Black Panther: World of Wakanda #5 variant cover by Jen Bartel (Marvel Comics)

Black Panther: World of Wakanda #5 variant cover by Jen Bartel (Marvel Comics)

Alenka Figa: Before I say anything, I would like to praise Paulina for encouraging you all to get a library card. Get a library card! Read things for free! Listen to audiobooks for free! GET. FREE. THINGS.

Anyway, I have a coworker whose son loves anime and manga, and she’s always asking me for recommendations, which is really fun. They both read the Erased series and loved it, so I decided to read it as well and then check out the live action on Netflix. I don’t typically read crime/thriller stories, but I really enjoyed the manga, especially Sanbe’s art! Mild spoiler, but Satoru, the protagonist, experiences a phenomenon called Revival that eventually allows him to travel back in time and be his child self, so that he can stop a series of serial kidnappings and murders. After re-experiencing some of his childhood, Satoru looks younger and more vibrant as an adult. His face is more open and alive, and it’s very cool to watch that happen as you flip the pages!

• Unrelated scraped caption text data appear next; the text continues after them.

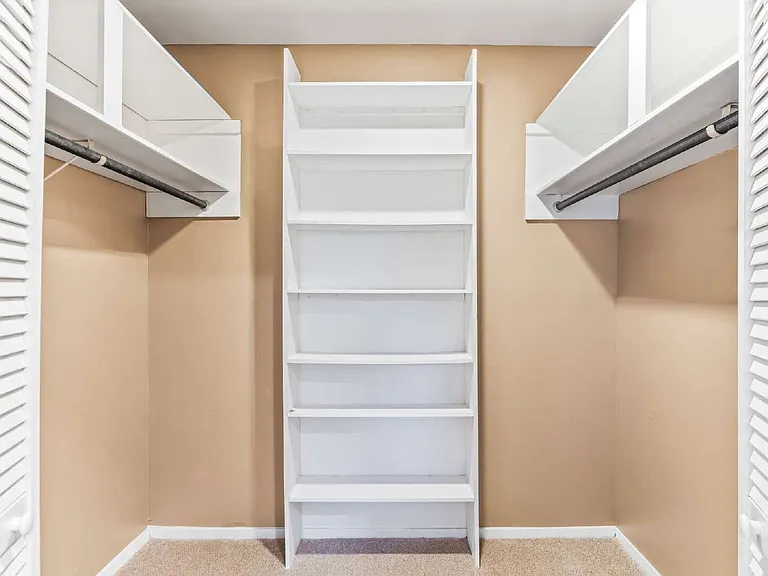 5801 Royal Ridge Dr — Photo 15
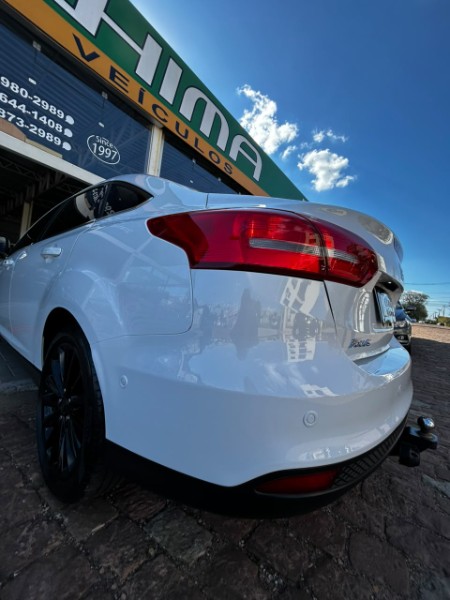 FORD FOCUS SEDAN TITANIUM /2016 CHIMA VEÍCULOS VENÂNCIO AIRES / Carros no Vale FORD FOCUS SEDAN TITANIUM /2016 CHIMA VEÍCULOS VENÂNCIO AIRES / Carros no Vale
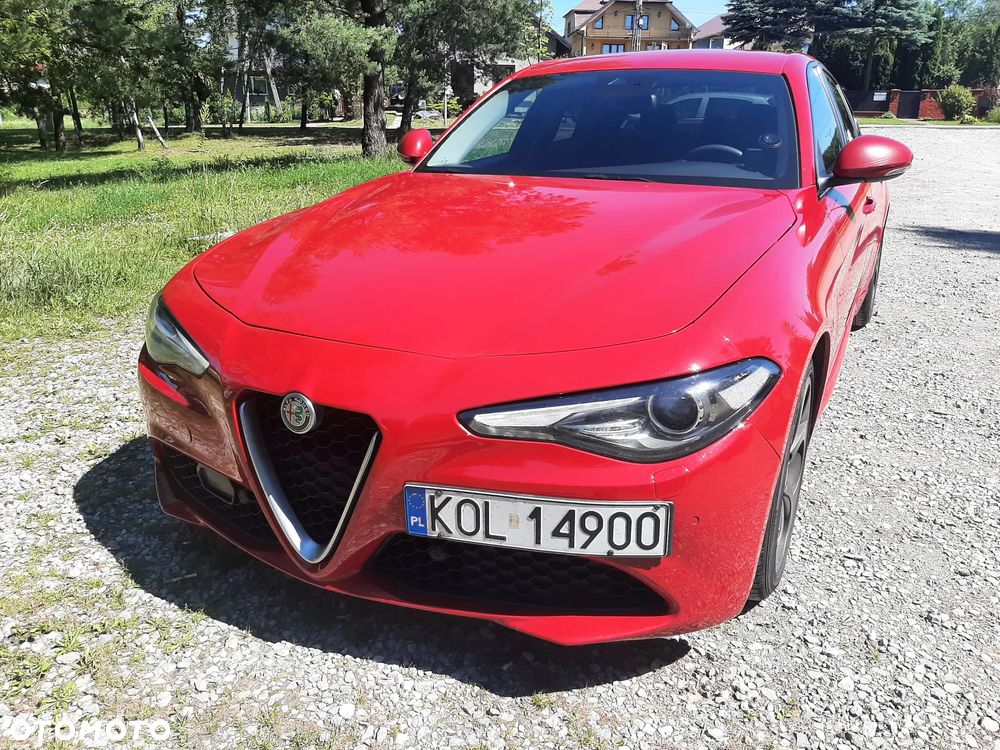 Alfa Romeo Giulia 2.0 Turbo Super - 1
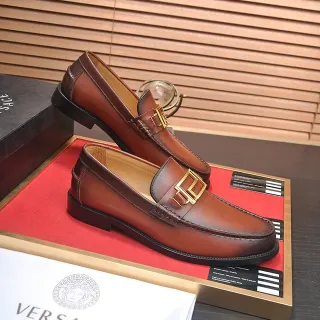 Versace Chain Reaction 棕色牛皮扣带乐福鞋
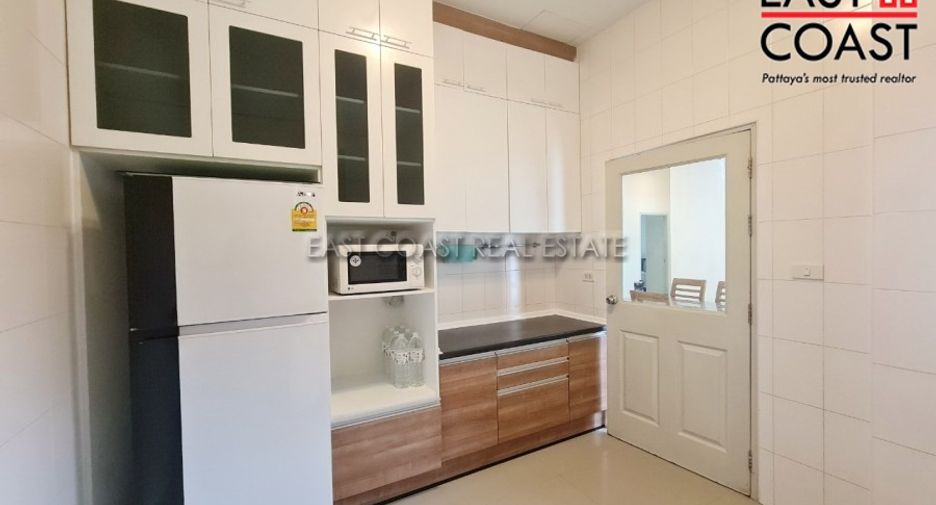 For rent 3 bedrooms house in East Pattaya, Pattaya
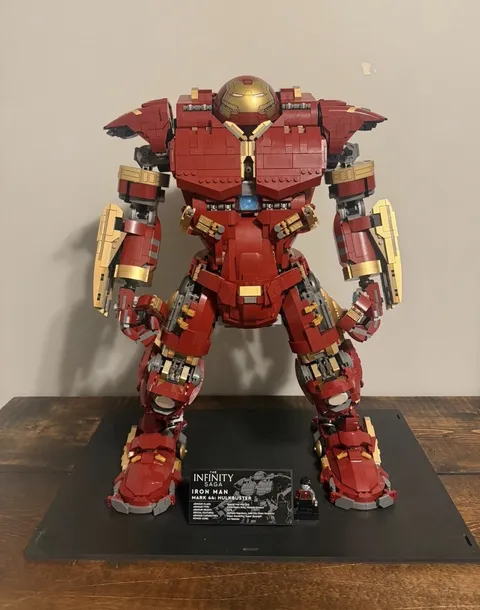 LEGO UCS Marvel Hulkbuster 76210 100% Complete With Minifigure And Instructions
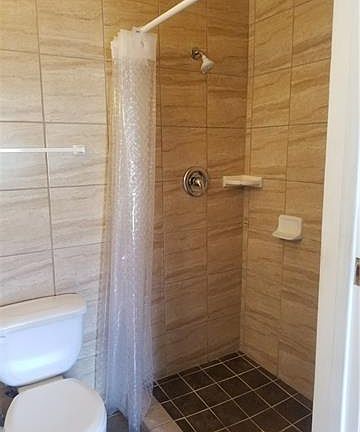 4th image of 854 Roosevelt Pl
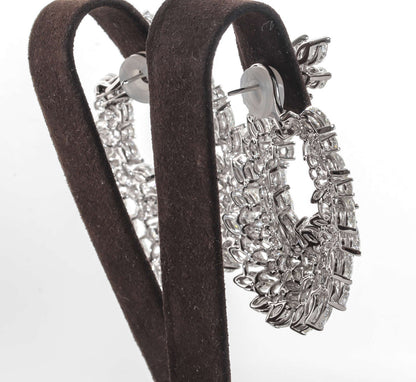 https://a.1stdibscdn.com/archivesE/jewelry/1stdibs/101614/DiamondScene_CC_DM//10/IMG_2044.jpg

The live action is pretty meh, although I was impressed with the child actor they found to play young Satoru. I recently caught a teen volunteer reading the fourth volume, and she revealed that there is an anime, so I watched that, too, and enjoyed the way they use film strip imagery to convey Satoru’s experience of remembering the past while also living it. My whole Erased experiment has been really fun and unexpectedly let me talk to a bunch of people in the library about the series!

Rosie Knight: Recently I’ve been collecting these old Viz single issue translations of manga from the ’80s and ’90s. One of my favorites that I’ve been reading and rereading a lot is Rumiko Takahashi’s Mermaid’s Promise. Based on a piece of Japanese folklore that suggests those who eat a mermaid’s flesh may become immortal, the story focuses on Yuta, an apparently young man who out of curiosity eats a mermaid’s flesh, and when we meet him has already lived for 500 years. Yuta traverses the Earth looking for others who have eaten the meat, and on his journey meets another immortal, Mana. There’s also the matter of Yuta’s young love whom he left after her fiancé stopped them from absconding together. And guess what: she’s still alive! Rumiko Takahashi is undoubtedly my favorite storyteller. I’ve never read a book of hers that I don’t absolutely adore, and Mermaid’s Promise is a fantastic example of why. Takahashi crafts a romantic, heartbreaking, and horrifying story filled with super engaging and loveable characters, especially multiple complex, strong, and wonderful women. Basically Rumiko is amazing and I’m grateful for all of the amazing stories that she’s given us!